A Common Thread: Copycats
Mobility had a moment at this year’s SXSW. Municipal leaders and innovators around the globe gathered to share about the most exciting new ideas and real-world implementations. And the conversation was abuzz with predictions about climate, ideas for improving quality of life, and tales of real-world successes and failures. Tuning into these conversations, I saw one common thread that surprised me: copycats.
When someone has a good idea, and it works, there’s nothing wrong with doing the same thing. In fact, it might be one of the fastest routes to smart mobility.
It’s not the most romantic version of innovation, but when our cities are pressed for time in the fight against climate change, congestion, and safety, they’ll take any means to the right end. Taking strategies from other cities is a great way to take a step forward without the trial and error of so many progressive programs.
Amanda Daflos, CIO for the City of Los Angeles, said in Adaptable Cities: Tech & the Urban Evolution that some of LA’s best mobility initiatives were copied from other cities. Seeing a successful project play out elsewhere makes it easier to propose and execute on. And when you work with limited budgets, that proof of concept is valuable.
Jim McKelvy, co-founder of Square, similarly acknowledged this fact in How to Disrupt Billion Dollar Industries. Although it’s not the best way to disrupt an industry, copycats do surprisingly well for themselves, he admits, citing Burger King’s mimicry of McDonalds as an example. In the end, McKelvy’s winning equation is to look at the bottom third of an industry that’s possibly being underserved. But when it comes to less competitive forms of innovation, like municipal efforts, could copying be just what we need?
A conversation between Michigan mobility professionals, titled Building a Future Mobility Region, explored the functions and benefits of the new mobility corridor between Detroit and Ann Arbor and a new mobility innovation district in Corktown. Ford’s Carolina Pluszcynski, who serves as the development director for the Michigan Central Mobility Innovation District, sees the district as a place “where mobility innovators and disruptors from all over the world can come together…and collaborate openly, and be able to develop, test, and scale those solutions in real-world settings.”

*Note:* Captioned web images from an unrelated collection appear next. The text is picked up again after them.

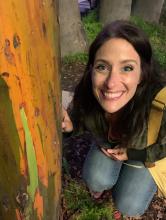 picture of teacher smiling next to a rainbow eucalyptus tree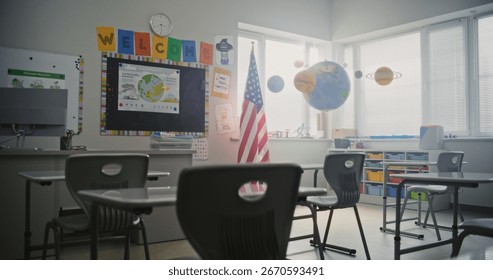 American Elementary School: Interior of Empty Classroom with Desks for Students, Chalkboard, Solar System Models and Colorful Posters. Educational and Inspiring Learning Environment for Children.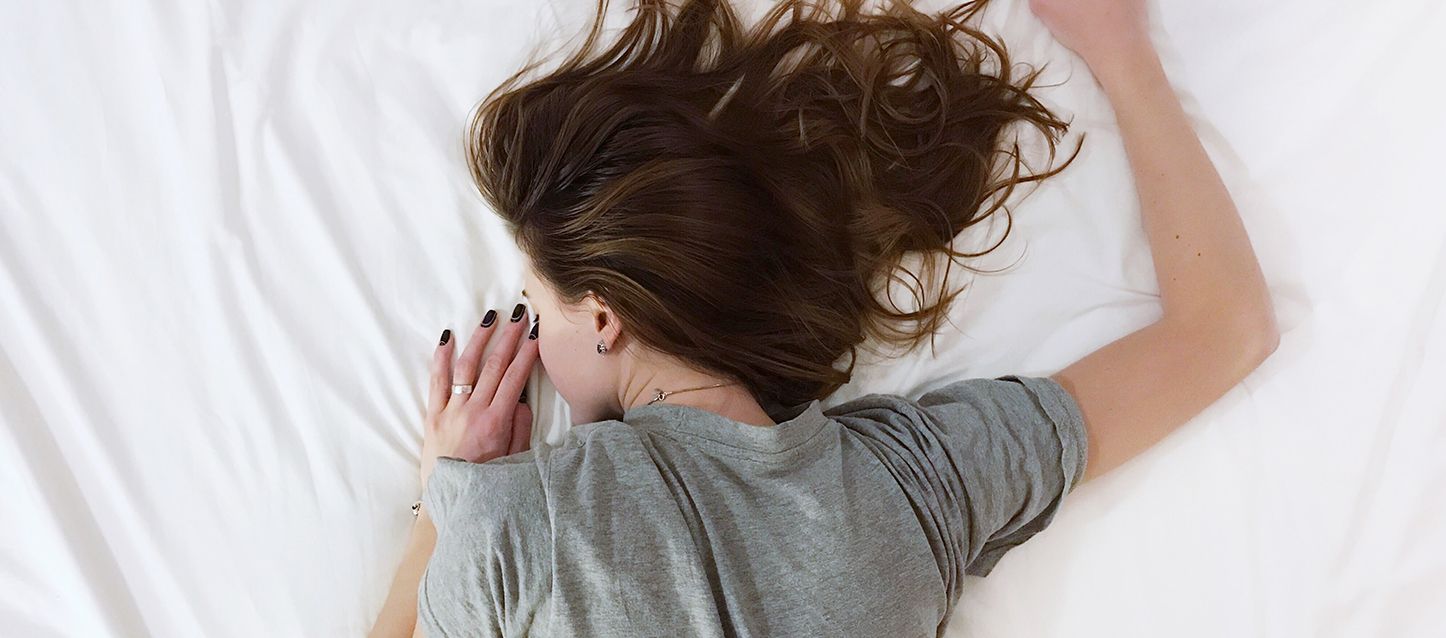 chica de pelo largo moreno y camiseta gris durmiendo boca abajo en la cama con la copa menstrual
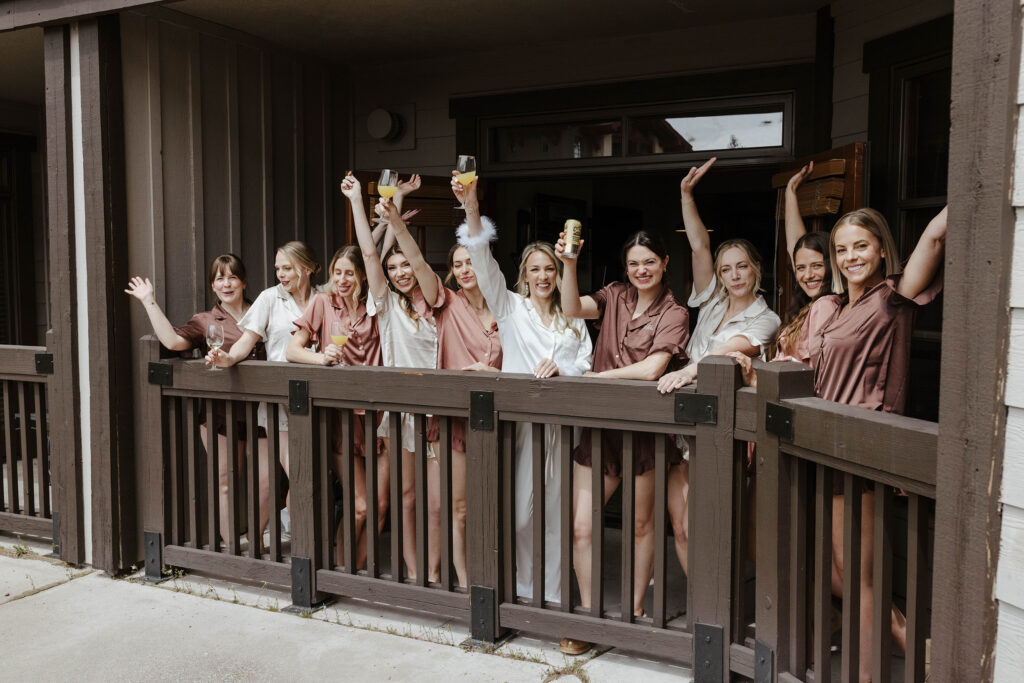 Wedding bride and bridesmaids holding drinks up while celebrating on patio at Palisades Tahoe
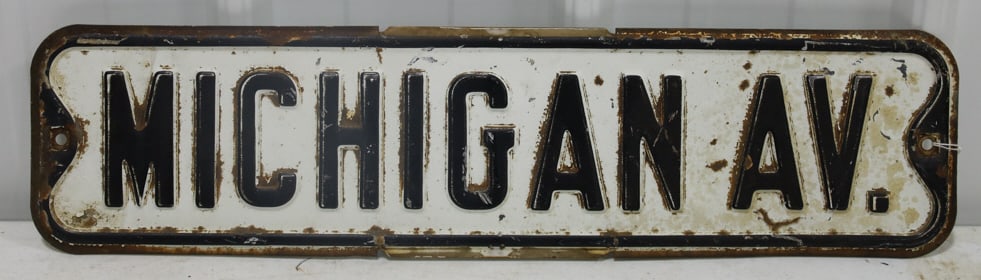 SST Embossed Michigan Av. Street Sign: Vintage SST embossed Michigan Av. street sign. The sign measures 5-7/8" tall x 23-3/4" across and is in good condition with some paint loss ans surface rust.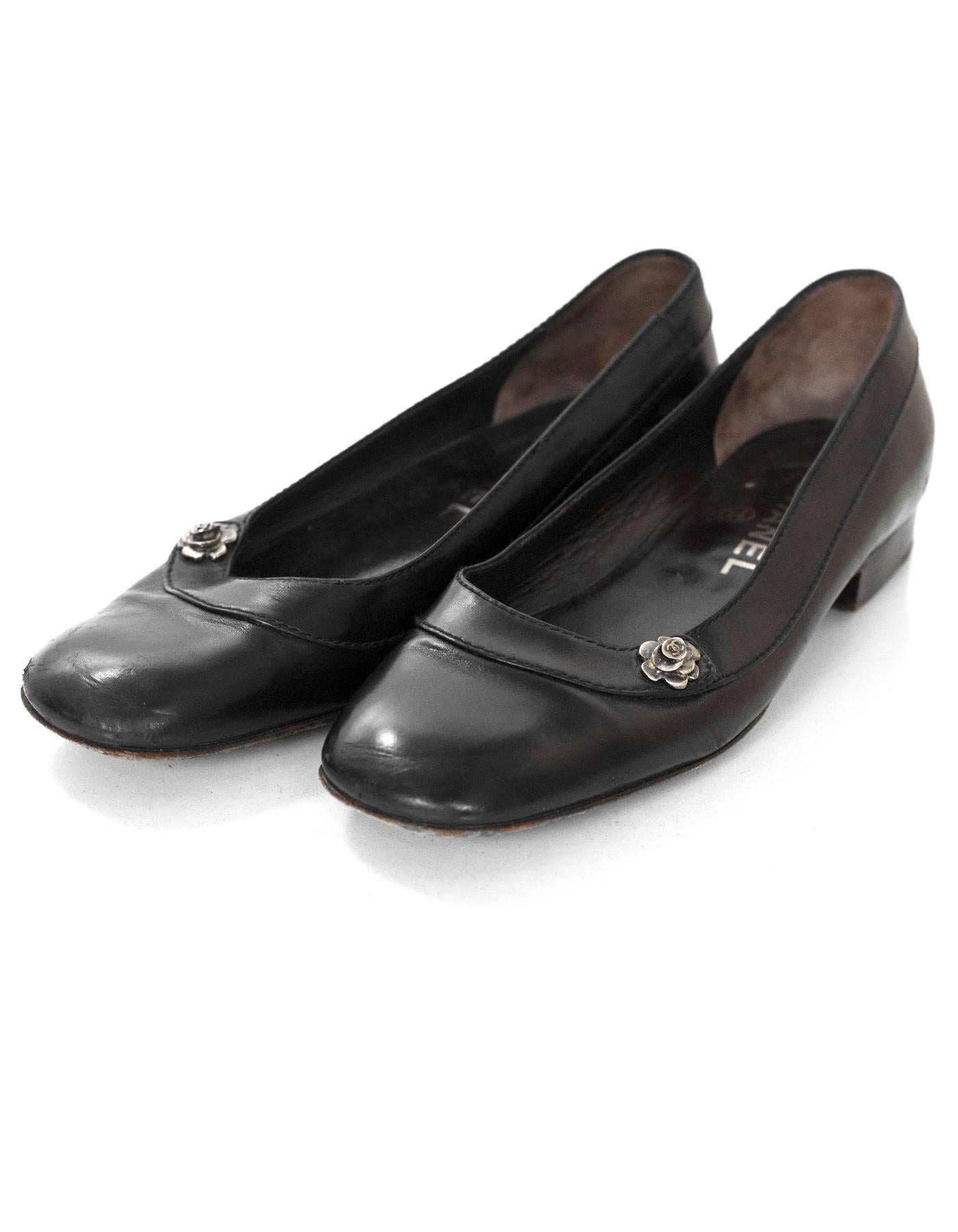 Chanel Black Leather Flats with Camellia Flower Sz 36.5

Made In: Italy
Color: Black
Composition: Leather
Sole Stamp: CC Made in Italy 36.5
Closure/opening: Slide on
Overall Condition: Very good pre-owed conditon with the exception of worn outsoles,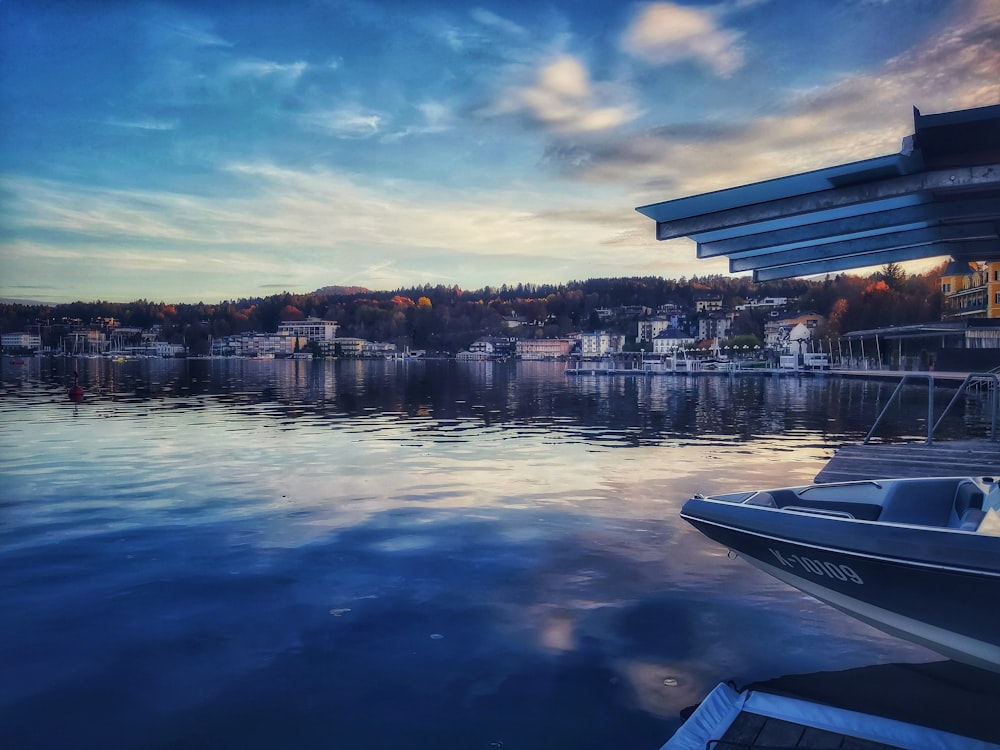 a boat is docked at a dock on a lake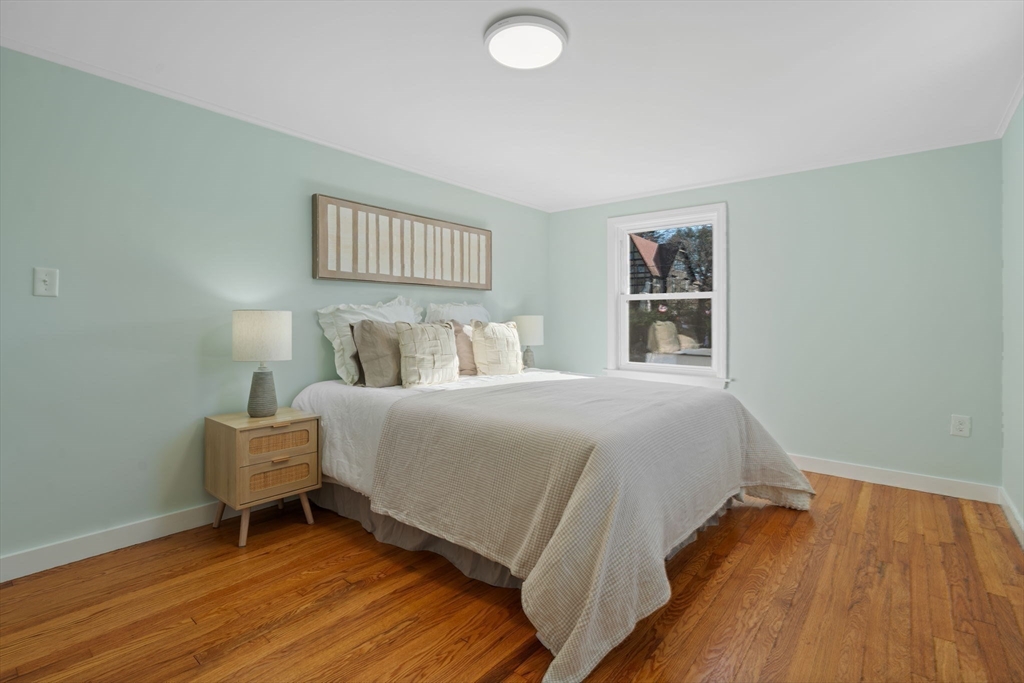 6 Puritan Lane Dedham, MA 02026 - Photo 25 of 41 a bedroom with a bed and a painting on the wall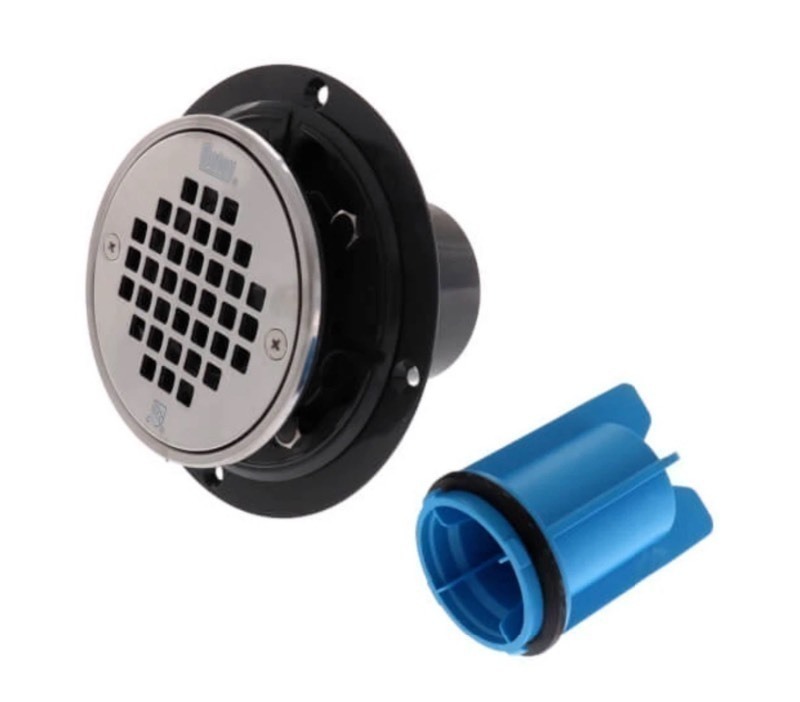 lot 648 image: New Oaty 2 or 3 PVC Shower Drain with Round Screw-In Stainless Steel Strainer, Tile Ring & Test Plug (4-Pack)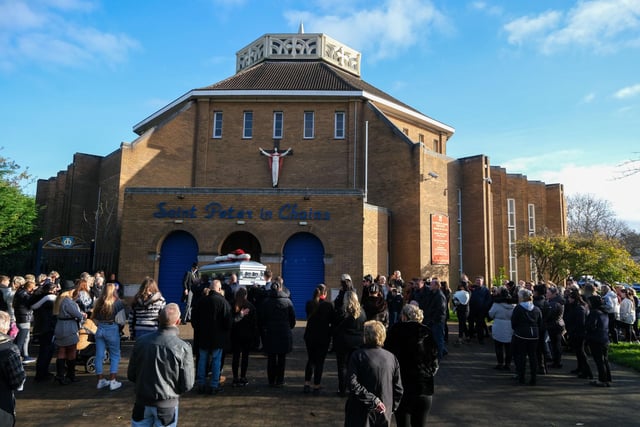 Mourners gather outside the church.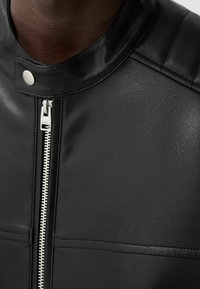 Giubbotto in pelle nera con colletto rialzato, zipper argentato e dettagli trapuntati sulle spalle, che mette in mostra una finitura strutturata e un design elegante.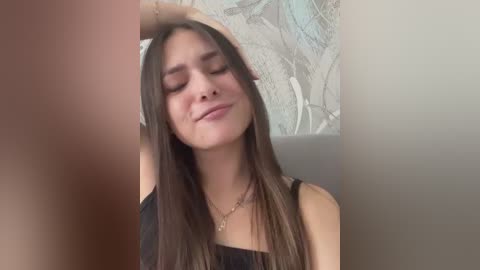 Video of a young woman with long, straight dark hair, light skin, and closed eyes, wearing a black top, standing in a room with a muted, abstract wall pattern.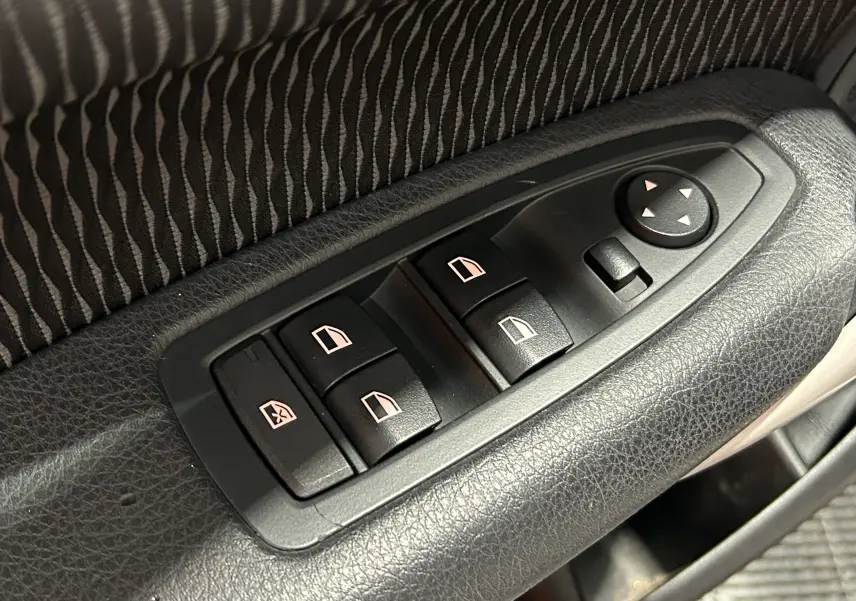 Gros plan sur les commandes de lève-vitres et réglage des rétroviseurs côté conducteur d'une BMW Série 1 blanche.
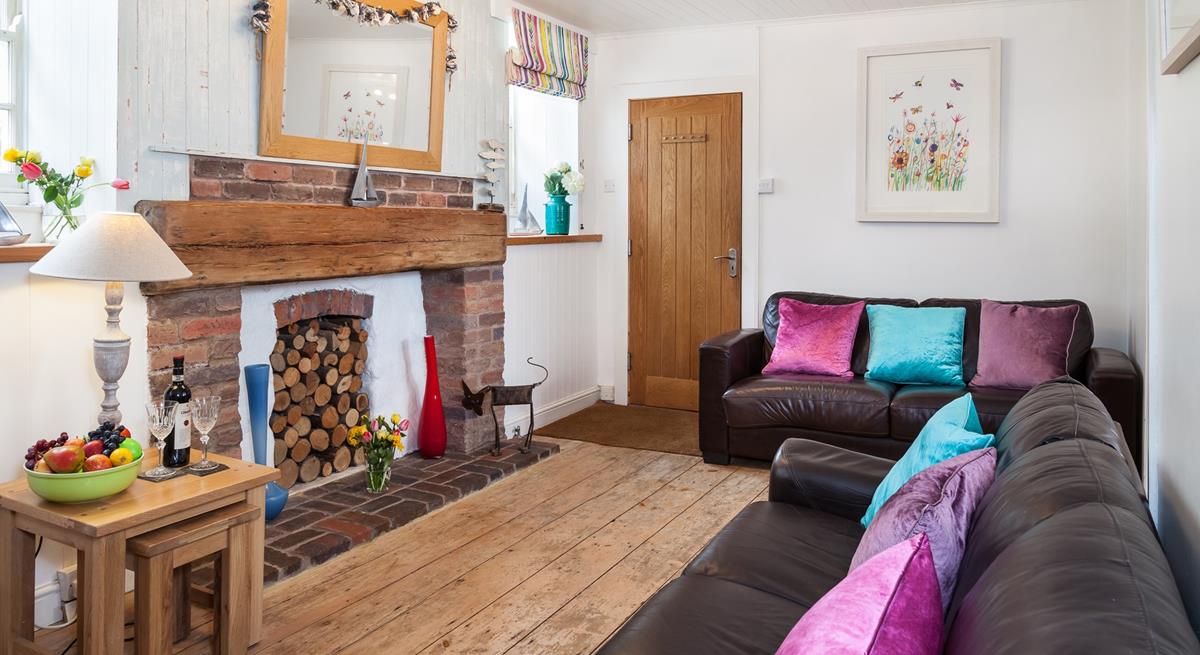 Curl up on the sofa after watching the sun go down on the beach.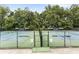 Well-maintained tennis courts surrounded by lush trees, providing an excellent space for sports and recreation at 100 Spring Ridge Ct, Roswell, GA 30076
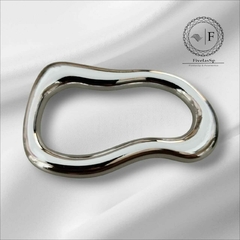 Fivela orgânica simples em metal com design curvado, em fundo branco.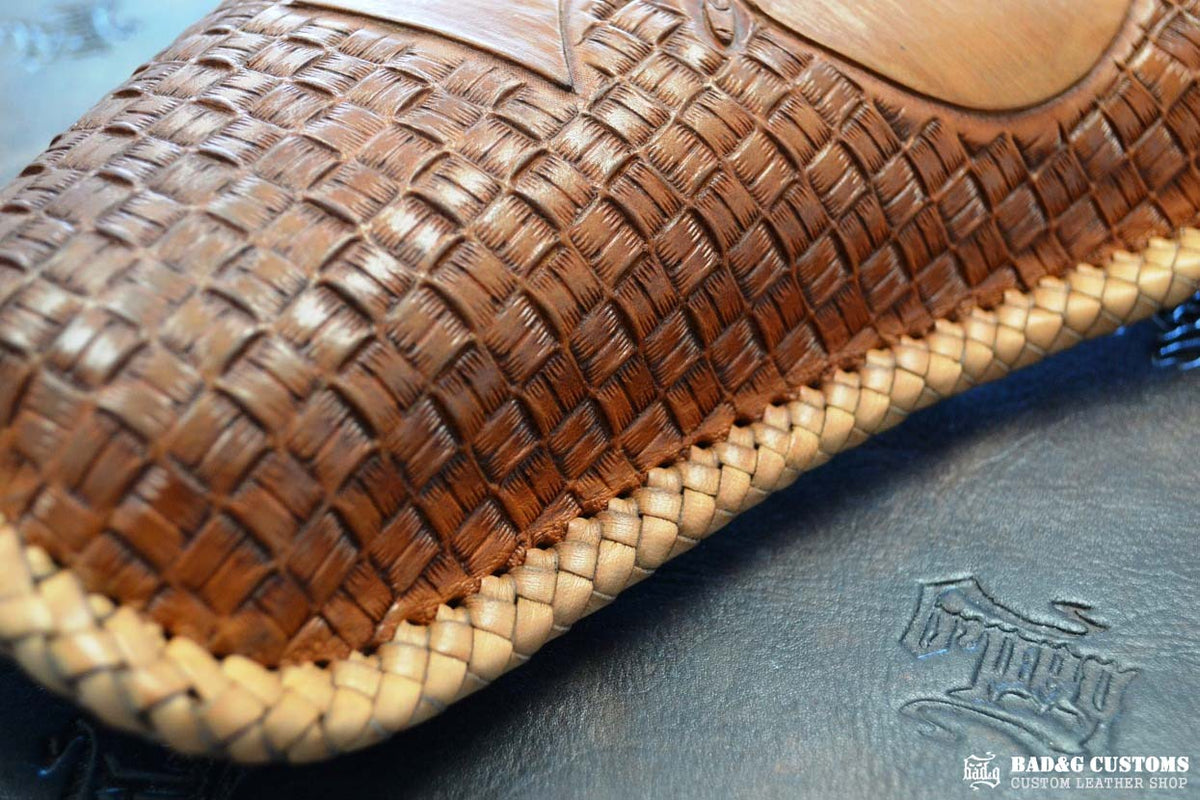 "ACE Pin-Up Girl" design hand tooled and braided on a chopper solo seat. Veg tan leather with kangaroo lace.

I can’t help but see what’s happening in Detroit as a sort of role model smart city for other places to look at and think “we can do that.”
Even Secretary of Transportation Pete Buttigieg spoke in his keynote presentation about the importance of international learnings and relationships, encouraging us “[not to] be too proud as a country to learn from what’s going on in other countries and cities when it comes to making good choices about transportation.”
What This Means for Parking
I think this is something that extends in the parking sector, too. We are all better off because of the collective progress we’ve made as an industry. That’s why we keep thanking those that challenge us applauding the successes of our customers. And hopefully our customers see each others’ successes and are able to copy new use cases and approaches to technology. Because when one of us wins, we all do.